Protest at BP-sponsored Indigenous Australia exhibition

On 21st April the official media launch of the British Museum’s new BP-sponsored exhibition, “Indigenous Australia: Enduring Civilisation”, was interrupted by an unexpected theatrical protest. A group of “actorvists” from BP or not BP?, dressed as robbers in striped T-shirts and eyemasks, temporarily blocked the exhibition entrance with a banner reading “Stolen Land, Stolen Culture, Stolen Climate” and read out quotes from Aboriginal leaders and activists, in front of a crowd of journalists waiting to get in. The protest highlighted concerns that the British legacy of taking Aboriginal land, objects and resources without permission continues today and is perpetuated by elements of the exhibition and by its sponsor, BP.

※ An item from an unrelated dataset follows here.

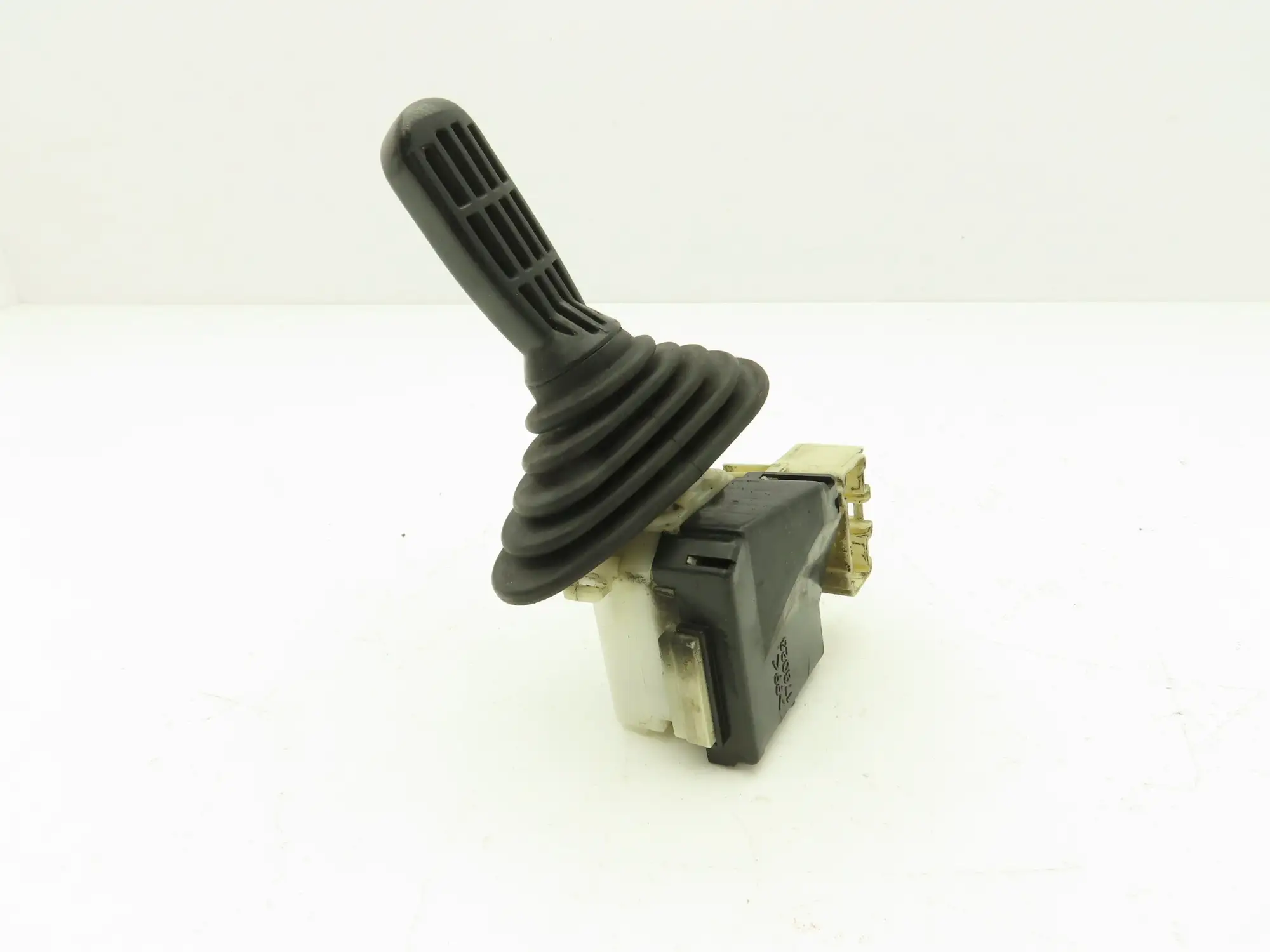 Toyota Electric Forklift Forward & Reverse Selector Gear Switch Off Of 8FBE15U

BP or not BP?, which seeks an end to oil sponsorship of culture, argues that BP is an inappropriate and insensitive choice of sponsor. The company’s massive contribution to climate change is putting the future of Indigenous communities in Australia and around the world at risk. Furthermore, on the fifth anniversary of the catastrophic Deepwater Horizon spill, the oil giant plans to drill four new ultra-deepwater wells in Australian waters.

Despite consultations with some Aboriginal communities, the British Museum has been strongly criticised by a number of Aboriginal leaders over its refusal to repatriate significant objects featured in the exhibition. A focal point of the controversy has been three rare pieces of bark art crafted by the Dja Dja Wurrung people in central Victoria that the Museum has already taken action to keep after the community tried to get them back.